→ **Given data**
########

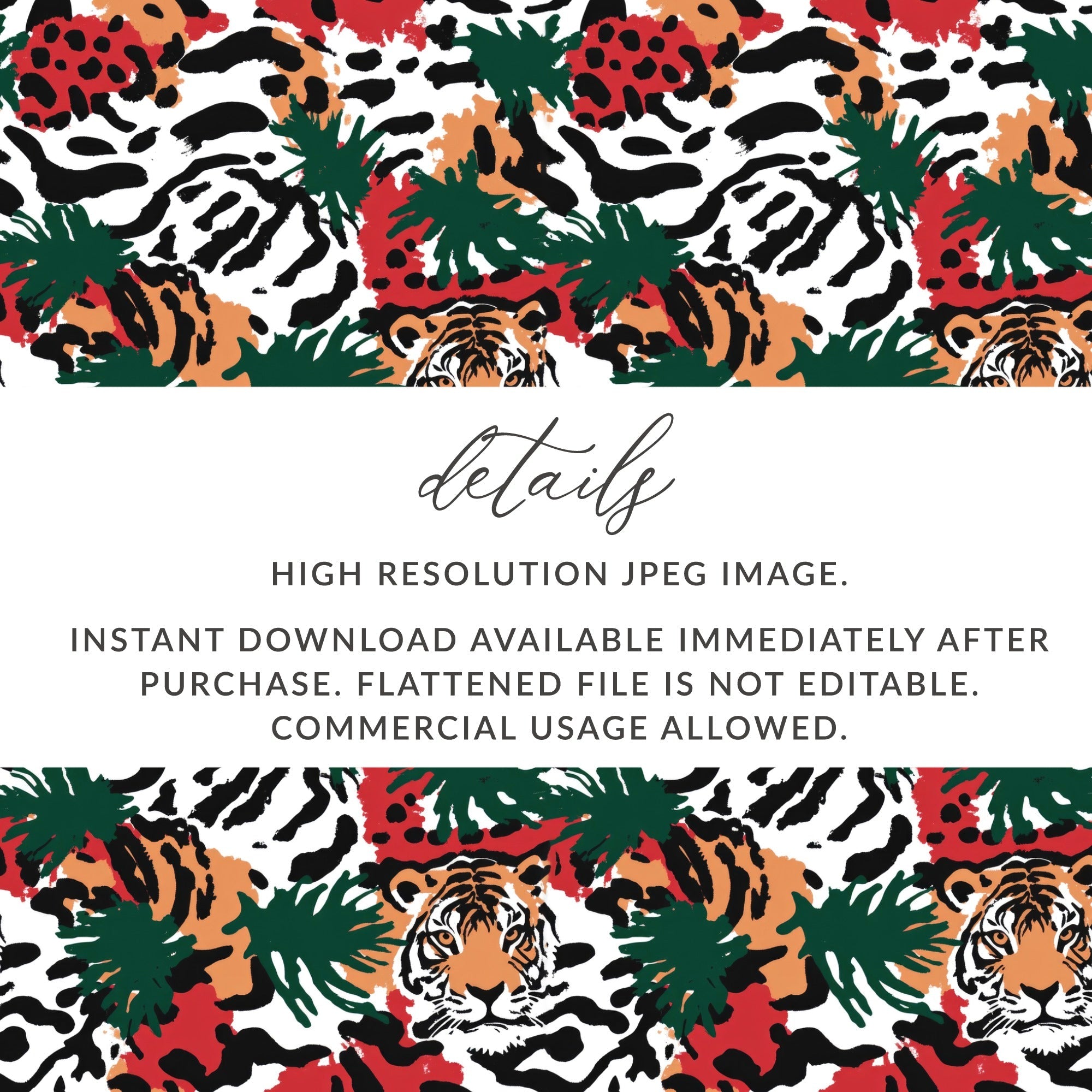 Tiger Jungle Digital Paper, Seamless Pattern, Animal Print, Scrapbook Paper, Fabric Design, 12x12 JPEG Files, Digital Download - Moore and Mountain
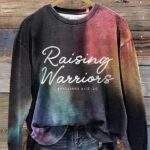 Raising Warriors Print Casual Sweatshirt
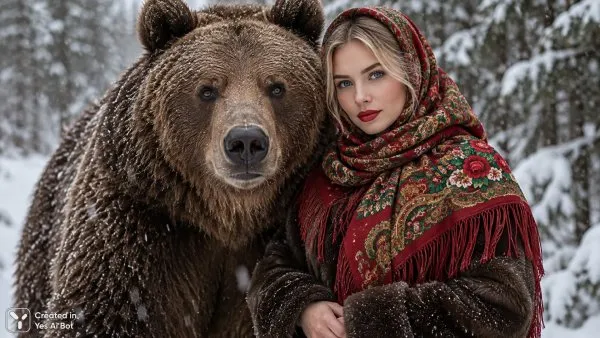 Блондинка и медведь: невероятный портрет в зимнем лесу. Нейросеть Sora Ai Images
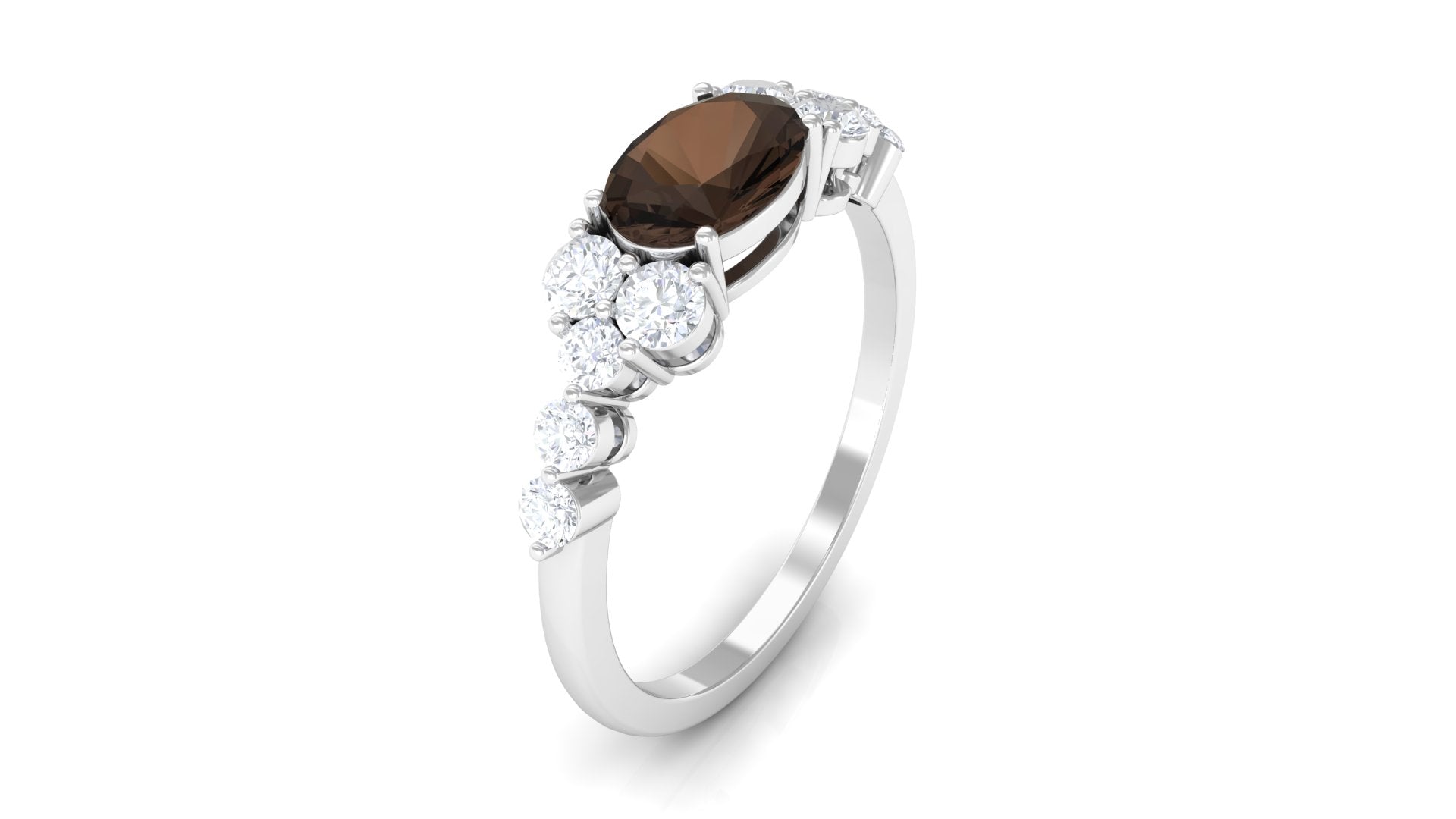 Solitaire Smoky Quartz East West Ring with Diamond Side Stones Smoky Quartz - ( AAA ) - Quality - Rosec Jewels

########

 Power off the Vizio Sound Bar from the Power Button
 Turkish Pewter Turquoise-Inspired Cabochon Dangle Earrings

########

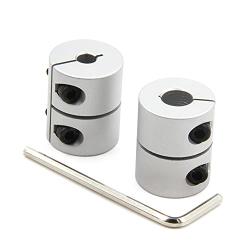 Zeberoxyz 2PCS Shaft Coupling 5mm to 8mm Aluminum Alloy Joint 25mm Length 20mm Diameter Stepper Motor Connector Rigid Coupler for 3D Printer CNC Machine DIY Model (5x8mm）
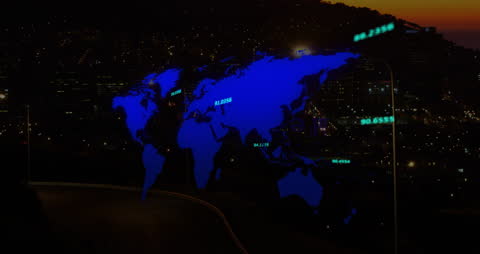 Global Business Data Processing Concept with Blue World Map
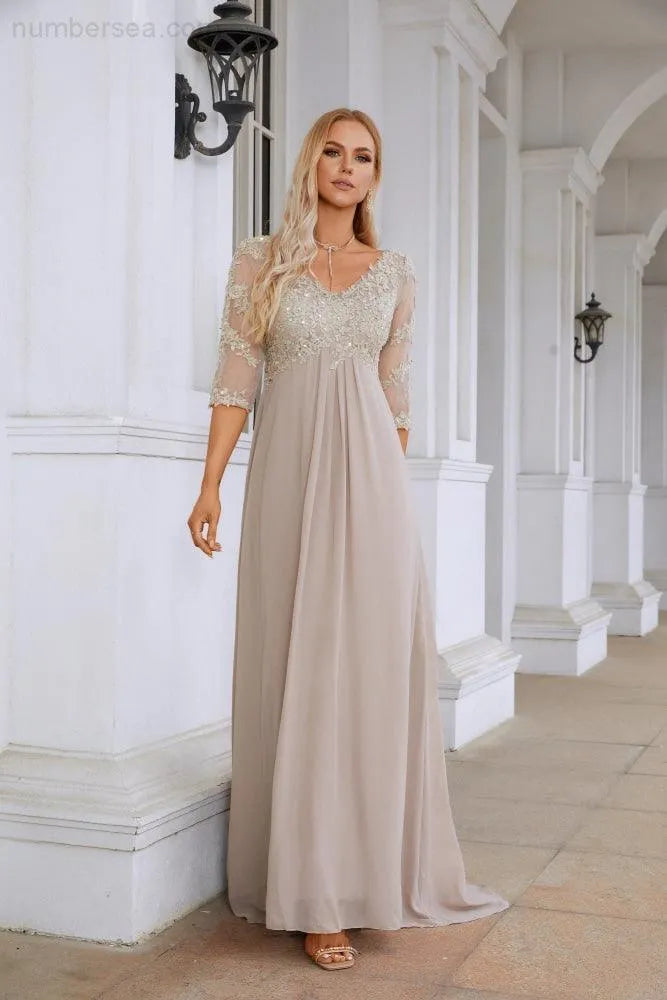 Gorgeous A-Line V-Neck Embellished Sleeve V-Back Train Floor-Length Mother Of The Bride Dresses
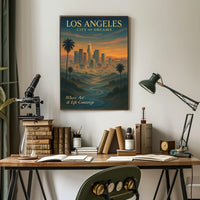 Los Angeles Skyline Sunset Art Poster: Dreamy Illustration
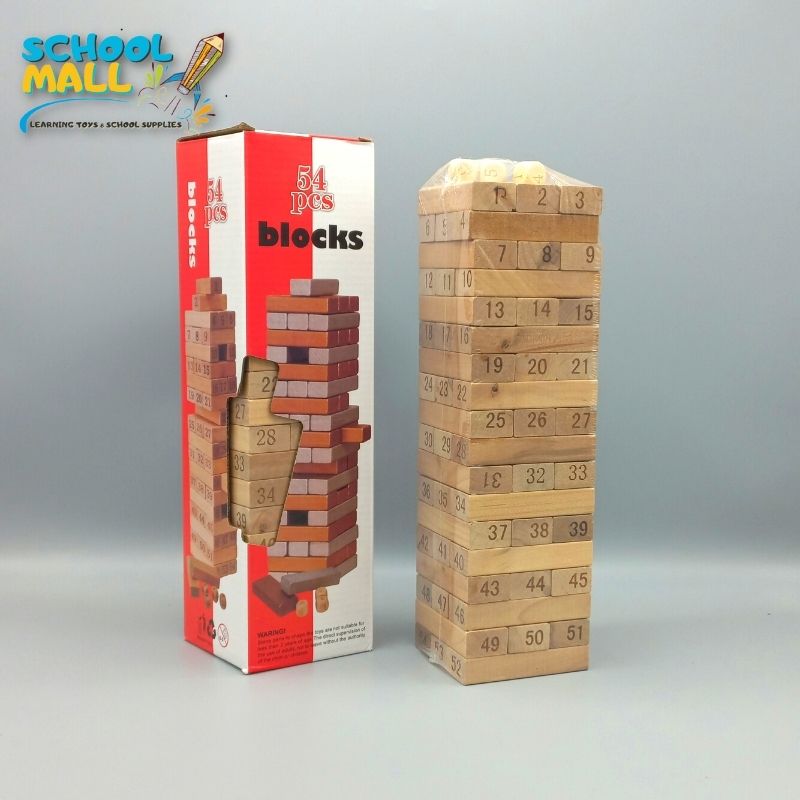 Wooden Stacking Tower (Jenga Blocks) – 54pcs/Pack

########

Your answer must consist solely of the lines above between the line holding "Power off the" and the line holding "Turkish Pewter Turquoise-Inspired", inclusive, copied exactly.

 Power off the Vizio Sound Bar from the Power Button
 Turkish Pewter Turquoise-Inspired Cabochon Dangle Earrings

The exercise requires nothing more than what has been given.